Gleich noch ein Sargnagel für das Job-Apokalypse-Narrativ gefällig? Gemäss Zahlen des US Bureau of Labour Statistics hat der Durchsatz der White-Collar-Jobs – die ja angeblich keine Chance haben und daher im Blutbad enden – in den letzten Monaten und Jahren immer weiter zugenommen.
Auch über zwei Jahre nach dem kometenhaften Start von ChatGPT also keine Spur eines Blutbades. Auch sagte Google-CEO Sundar Pichai vor einigen Wochen, dass er auch nächstes Jahr plane, neue Software-Engineers einzustellen – sie also nicht zu entlassen. Dies, da der Möglichkeitsraum an lösbaren Programmierproblemen dank KI zunimmt und es konsequenterweise mehr Engineers braucht, die daran arbeiten.
Alles also doch nur Doomsday-Gerede und Angstmacherei, diese Jobverlust-Vorhersagen? Nicht ganz.

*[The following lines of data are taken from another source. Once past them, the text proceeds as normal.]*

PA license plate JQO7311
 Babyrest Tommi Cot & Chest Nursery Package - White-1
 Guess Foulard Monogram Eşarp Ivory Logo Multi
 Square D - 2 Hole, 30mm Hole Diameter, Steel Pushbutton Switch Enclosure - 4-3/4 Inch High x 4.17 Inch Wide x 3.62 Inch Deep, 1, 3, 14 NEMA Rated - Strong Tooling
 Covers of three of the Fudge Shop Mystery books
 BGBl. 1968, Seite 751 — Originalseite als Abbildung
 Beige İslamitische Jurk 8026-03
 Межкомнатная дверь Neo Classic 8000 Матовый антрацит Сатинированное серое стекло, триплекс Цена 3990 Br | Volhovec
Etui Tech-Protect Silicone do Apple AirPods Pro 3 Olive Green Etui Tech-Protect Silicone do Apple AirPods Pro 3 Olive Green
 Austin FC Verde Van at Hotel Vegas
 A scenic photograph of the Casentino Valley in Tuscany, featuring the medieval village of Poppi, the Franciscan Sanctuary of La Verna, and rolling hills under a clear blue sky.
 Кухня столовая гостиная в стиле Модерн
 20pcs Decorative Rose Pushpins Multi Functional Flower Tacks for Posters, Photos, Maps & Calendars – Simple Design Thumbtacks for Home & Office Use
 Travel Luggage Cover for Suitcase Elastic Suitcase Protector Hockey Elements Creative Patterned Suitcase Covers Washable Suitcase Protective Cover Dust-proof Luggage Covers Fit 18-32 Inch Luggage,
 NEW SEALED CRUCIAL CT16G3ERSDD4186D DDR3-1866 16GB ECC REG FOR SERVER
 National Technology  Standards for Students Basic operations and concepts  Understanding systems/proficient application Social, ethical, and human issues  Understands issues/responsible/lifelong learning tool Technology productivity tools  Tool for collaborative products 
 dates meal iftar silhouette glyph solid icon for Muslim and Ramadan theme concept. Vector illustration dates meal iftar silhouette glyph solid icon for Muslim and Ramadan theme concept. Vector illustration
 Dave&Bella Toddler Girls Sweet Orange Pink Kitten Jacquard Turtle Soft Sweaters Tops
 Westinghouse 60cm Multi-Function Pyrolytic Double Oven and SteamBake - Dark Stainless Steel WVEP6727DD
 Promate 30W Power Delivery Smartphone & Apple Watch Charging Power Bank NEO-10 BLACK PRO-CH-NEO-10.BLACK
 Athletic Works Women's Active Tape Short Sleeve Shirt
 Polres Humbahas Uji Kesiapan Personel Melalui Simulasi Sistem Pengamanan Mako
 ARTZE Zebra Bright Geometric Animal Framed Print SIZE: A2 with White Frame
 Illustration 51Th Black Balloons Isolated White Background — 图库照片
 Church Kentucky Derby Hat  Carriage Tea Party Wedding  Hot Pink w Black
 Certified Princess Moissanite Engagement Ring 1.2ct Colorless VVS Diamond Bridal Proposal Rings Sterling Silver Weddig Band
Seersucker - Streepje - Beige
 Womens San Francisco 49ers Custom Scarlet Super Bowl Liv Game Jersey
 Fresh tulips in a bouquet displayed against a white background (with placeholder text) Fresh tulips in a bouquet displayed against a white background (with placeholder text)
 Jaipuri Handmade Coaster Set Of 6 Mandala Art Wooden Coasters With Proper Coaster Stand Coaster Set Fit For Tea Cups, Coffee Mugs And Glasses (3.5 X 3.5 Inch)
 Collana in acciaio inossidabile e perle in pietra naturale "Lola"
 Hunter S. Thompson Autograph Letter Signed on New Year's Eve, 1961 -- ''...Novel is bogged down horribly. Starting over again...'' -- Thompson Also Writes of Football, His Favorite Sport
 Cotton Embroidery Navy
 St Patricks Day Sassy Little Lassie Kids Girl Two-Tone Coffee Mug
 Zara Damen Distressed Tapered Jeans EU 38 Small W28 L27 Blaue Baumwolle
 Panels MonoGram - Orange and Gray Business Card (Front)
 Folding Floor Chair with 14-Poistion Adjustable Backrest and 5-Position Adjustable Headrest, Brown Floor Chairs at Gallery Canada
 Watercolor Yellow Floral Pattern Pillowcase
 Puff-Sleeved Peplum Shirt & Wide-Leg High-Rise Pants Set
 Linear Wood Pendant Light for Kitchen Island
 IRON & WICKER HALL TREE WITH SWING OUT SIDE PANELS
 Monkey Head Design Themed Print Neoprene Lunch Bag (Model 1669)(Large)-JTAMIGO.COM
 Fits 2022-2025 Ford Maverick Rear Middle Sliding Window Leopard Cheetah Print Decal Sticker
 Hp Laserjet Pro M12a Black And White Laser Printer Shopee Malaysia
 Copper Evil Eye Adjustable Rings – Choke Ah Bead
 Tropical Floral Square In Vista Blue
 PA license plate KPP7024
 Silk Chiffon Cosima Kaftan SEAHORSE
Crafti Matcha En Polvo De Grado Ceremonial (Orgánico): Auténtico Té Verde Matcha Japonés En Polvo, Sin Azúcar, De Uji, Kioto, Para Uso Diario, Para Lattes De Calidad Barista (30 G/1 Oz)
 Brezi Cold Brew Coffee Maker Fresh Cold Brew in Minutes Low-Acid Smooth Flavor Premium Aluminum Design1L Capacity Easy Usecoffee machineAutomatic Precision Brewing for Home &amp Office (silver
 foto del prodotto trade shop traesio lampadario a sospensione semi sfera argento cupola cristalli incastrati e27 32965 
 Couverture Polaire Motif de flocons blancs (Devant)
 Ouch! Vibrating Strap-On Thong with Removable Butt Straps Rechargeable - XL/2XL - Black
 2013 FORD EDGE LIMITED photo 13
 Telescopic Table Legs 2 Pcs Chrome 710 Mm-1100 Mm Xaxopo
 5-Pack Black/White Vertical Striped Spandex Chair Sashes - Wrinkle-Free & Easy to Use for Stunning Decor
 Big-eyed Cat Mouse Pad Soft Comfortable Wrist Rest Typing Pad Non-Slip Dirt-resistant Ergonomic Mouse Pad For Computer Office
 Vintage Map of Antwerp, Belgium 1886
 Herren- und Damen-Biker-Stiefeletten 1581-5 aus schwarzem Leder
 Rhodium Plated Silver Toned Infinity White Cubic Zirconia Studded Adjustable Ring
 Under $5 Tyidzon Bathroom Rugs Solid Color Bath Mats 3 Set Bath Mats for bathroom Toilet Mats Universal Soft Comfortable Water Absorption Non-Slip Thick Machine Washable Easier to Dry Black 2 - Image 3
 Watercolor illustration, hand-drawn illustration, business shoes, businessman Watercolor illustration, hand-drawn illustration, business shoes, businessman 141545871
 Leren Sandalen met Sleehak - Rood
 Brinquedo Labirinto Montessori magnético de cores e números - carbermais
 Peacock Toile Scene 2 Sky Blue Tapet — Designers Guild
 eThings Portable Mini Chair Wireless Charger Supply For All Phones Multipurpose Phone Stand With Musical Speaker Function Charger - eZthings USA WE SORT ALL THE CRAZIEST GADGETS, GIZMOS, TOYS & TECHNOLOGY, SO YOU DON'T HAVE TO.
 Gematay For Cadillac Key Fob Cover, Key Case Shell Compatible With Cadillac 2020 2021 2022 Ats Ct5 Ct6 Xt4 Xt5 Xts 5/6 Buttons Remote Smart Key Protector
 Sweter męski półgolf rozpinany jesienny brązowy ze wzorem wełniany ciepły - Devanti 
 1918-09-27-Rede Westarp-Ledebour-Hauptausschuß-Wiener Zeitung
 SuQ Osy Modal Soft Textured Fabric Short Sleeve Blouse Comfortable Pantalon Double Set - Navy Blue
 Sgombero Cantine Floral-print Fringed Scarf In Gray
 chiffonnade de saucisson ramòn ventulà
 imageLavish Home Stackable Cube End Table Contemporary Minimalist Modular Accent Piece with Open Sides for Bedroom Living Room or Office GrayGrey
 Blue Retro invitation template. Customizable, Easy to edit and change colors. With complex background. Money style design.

Synthese: Eine gute Mischung aus Panik und Coolness
Es haben beide Seiten ihre Meriten: Zwar war es schon oft so, dass alle sagten, es komme nicht gut mit unseren Jobs – und dann wurde es gar noch besser. Andererseits hat die aktuelle KI-Revolution berechtigten Anspruch darauf, fundamentaler zu sein als die bisherigen technologischen Revolutionen. Die KI kann sehr viel, wird immer noch besser und ist hier – so viel können wir nach einigen Jahren des «Hypes» sagen –, um zu bleiben. Halten wir also einige möglichst robuste Strategien fest:
- Nimm die Challenge an: Es wäre ein Fehler, den Kopf in den Sand zu stecken und zu hoffen, dass schon alles gutgeht und die KI-Experten sich darum kümmern. Sei dir also bewusst, dass wir vor einer grossen, möglicherweise jahrelangen Herausforderung stehen und es sowohl gut als auch schlecht herauskommen kann. Wir als Menschen – und somit jeder und jede von uns – müssen dies lösen.
- Lass dir von KI helfen: Die KI automatisiert einzelne Tasks – nicht direkt ganze Jobs. Überleg dir also immer wieder, bei welchen Teilen deines Jobs dich die KI besser machen könnte. Denn: Dein Job wird nicht direkt von der KI, sondern von einer KI-assistierten Person konkurrenziert. Werde also am besten selbst diese Person.
- Sprich darüber: Es ist wichtig, dass wir nicht nur als Individuen, sondern als ganze Gesellschaft einen Weg durch die KI-Revolution finden. Daher gehört die KI in den öffentlichen Diskurs und aufs politische Parkett – und zwar möglichst schnell.
Zum Schluss nochmals ganz metaphorisch und pointiert: Wir können den anrollenden Zug nicht stoppen, indem wir vor ihm herrennen oder uns davor werfen. Aber wir können ihn noch steuern – und genau das sollten wir tun.